Des déclarations de soupçons en nette augmentation

Les actions menées par l’ACPR et Tracfin ont permis d’identifier des typologies nouvelles ou récurrentes de blanchiment telles que des :

  • cas de fraude aux organismes sociaux par détournement de prestations sociales françaises versées à des retraités non-résidents,
  • cas de la production de faux documents par le client à l’entrée en relation d’affaires ou au cours de celle-ci,
  • opérations de rapatriement de fonds provenant de l’étranger avec régularisation fiscale réalisées par leur client.

Le dernier rapport annuel de Tracfin met, par ailleurs, en évidence que la progression des informations reçues enregistrée au cours des années précédentes s’accentue nettement passant de 28 938 informations adressées à Tracfin en 2013 à 38 419 en 2014 (+ 33 %).
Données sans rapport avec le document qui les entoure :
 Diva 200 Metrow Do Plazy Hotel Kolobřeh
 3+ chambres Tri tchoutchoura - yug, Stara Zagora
L’accroissement des signalements relatifs à la fraude fiscale expliquent en partie cette progression.

Ce rapport met également en évidence que les établissements de monnaie électronique ont procédé à une seule déclaration de soupçon en 2014 et les établissements de paiement à 1 631 déclarations, soit + 93,7% par rapport à 2013.

Des obligations également prévues pour les professions non financières : le cas des commissaires aux comptes

D’autres professions non financières sont également assujetties aux obligations relatives à la LCB-FT telles que les avocats, huissiers, experts-comptables et commissaires aux comptes.
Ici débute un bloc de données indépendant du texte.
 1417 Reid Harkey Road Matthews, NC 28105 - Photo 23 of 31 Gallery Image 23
Les commissaires aux comptes font partie des professions assujetties aux obligations légales de LCB-FT selon le Code monétaire et financier (L.561-2 et s.). A ce titre, ils doivent notamment se doter de procédures de contrôle interne au sein de leur cabinet et ont un devoir de vigilance à l’égard de l’identification de l’entité et du bénéficiaire effectif d’une part et à l’égard des opérations réalisés par l’entité d’autre part. Enfin, ils doivent faire une déclaration à Tracfin dès lors qu’ils « savent, soupçonnent ou ont de bonnes raisons de soupçonner » que les sommes sur lesquelles porte une opération proviennent d’une fraude fiscale (Uniquement lorsqu’il est en présence d’au moins un critère défini par le décret n°2009-874 du 16 juillet 2009) ou une infraction définie à l’article L 561-15 du Code monétaire et financier et dans la norme d’exercice professionnel n°9605 (Infraction, hors fraude fiscale, passible d’une peine privative de liberté supérieure à un an ou participant au financement du terrorisme (art. L 561-15, I, du Code monétaire et financier et NEP 9605 §18.).

Dans le secteur bancaire, les obligations des commissaires aux comptes décrites précédemment sont adaptées sur deux points :

  • en effet, les diligences nécessaires en matière d’identification de l’entité sont réduites lorsque cette entité ou le bénéficiaire effectif est un prestataire de services bancaires notamment ( Plus précisément, les personnes mentionnées aux 1 à 6 de l’article L.561-2 du Code monétaire et financier et sauf les cas expressément prévus par les articles R.561-7 et s. dudit code.),
  • en revanche, le commissaire aux comptes doit contrôler la mise en place par l’établissement de crédit des procédures prévues par les textes en matière de blanchiment. Les commissaires aux comptes porteront ainsi une attention particulière par exemple, aux procédures LCB-FT concernant les comptes de dépôts et le traitement des opérations sur titres (réglementation post BCCI).